## Directions for this task
Transcribe exactly the lines below that begin at the line with "Victorian walking cane" and stop after the line with "a man with a", leaving out every picture.

## Data under study

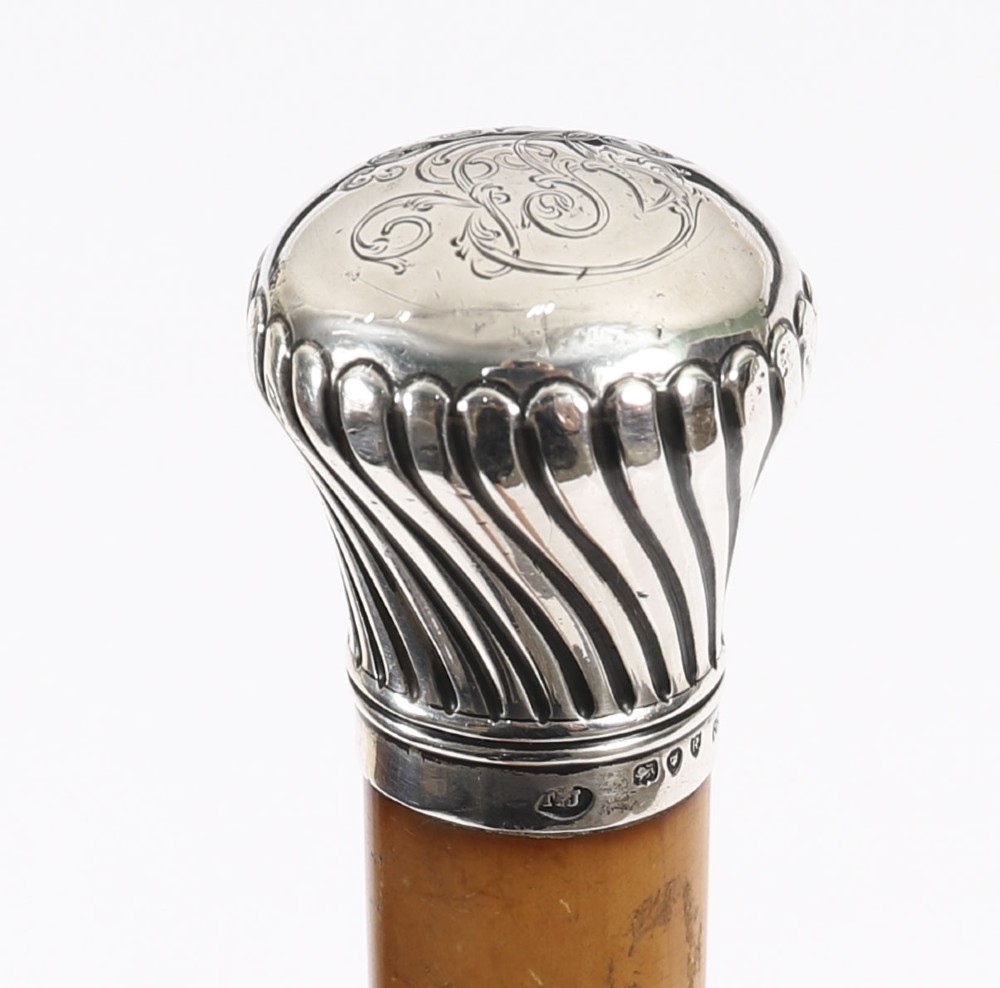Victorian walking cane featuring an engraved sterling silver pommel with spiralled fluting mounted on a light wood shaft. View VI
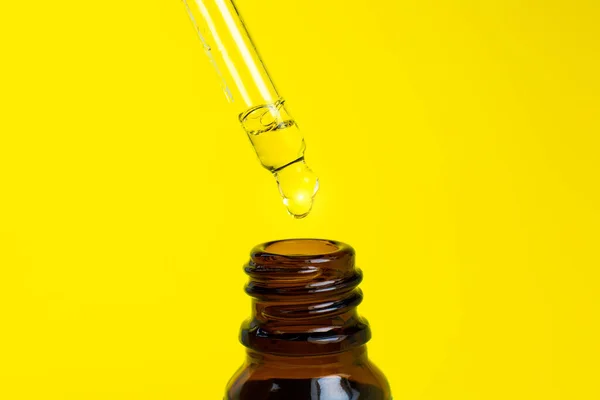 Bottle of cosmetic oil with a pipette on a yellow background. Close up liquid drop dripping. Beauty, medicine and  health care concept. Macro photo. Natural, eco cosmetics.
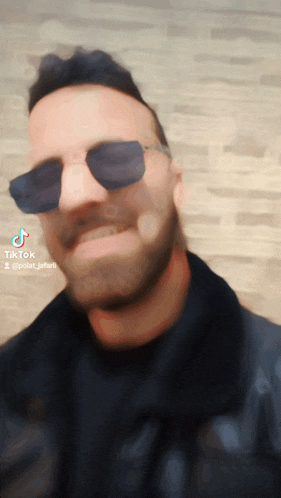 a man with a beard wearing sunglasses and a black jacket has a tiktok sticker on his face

...

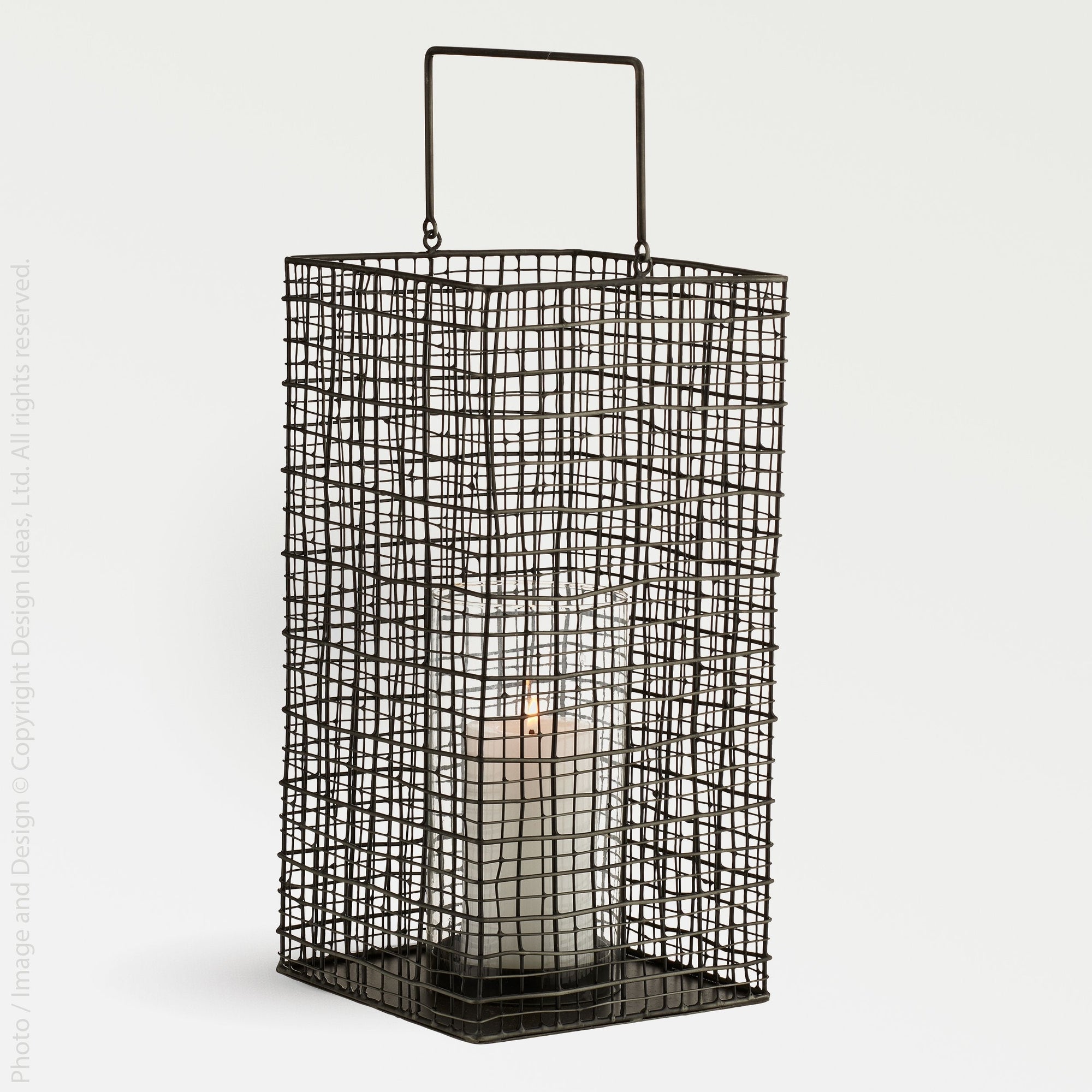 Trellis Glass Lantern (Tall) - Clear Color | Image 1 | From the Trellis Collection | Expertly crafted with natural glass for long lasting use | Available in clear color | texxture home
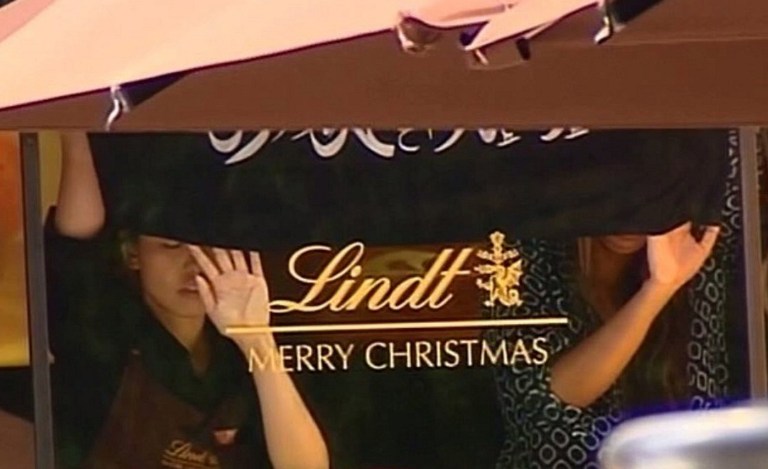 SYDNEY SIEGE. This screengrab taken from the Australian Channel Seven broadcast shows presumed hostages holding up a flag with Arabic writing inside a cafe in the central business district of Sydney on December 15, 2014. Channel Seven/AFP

## Task answer
Victorian walking cane featuring an engraved sterling silver pommel with spiralled fluting mounted on a light wood shaft. View VI
 Bottle of cosmetic oil with a pipette on a yellow background. Close up liquid drop dripping. Beauty, medicine and  health care concept. Macro photo. Natural, eco cosmetics.
 a man with a beard wearing sunglasses and a black jacket has a tiktok sticker on his face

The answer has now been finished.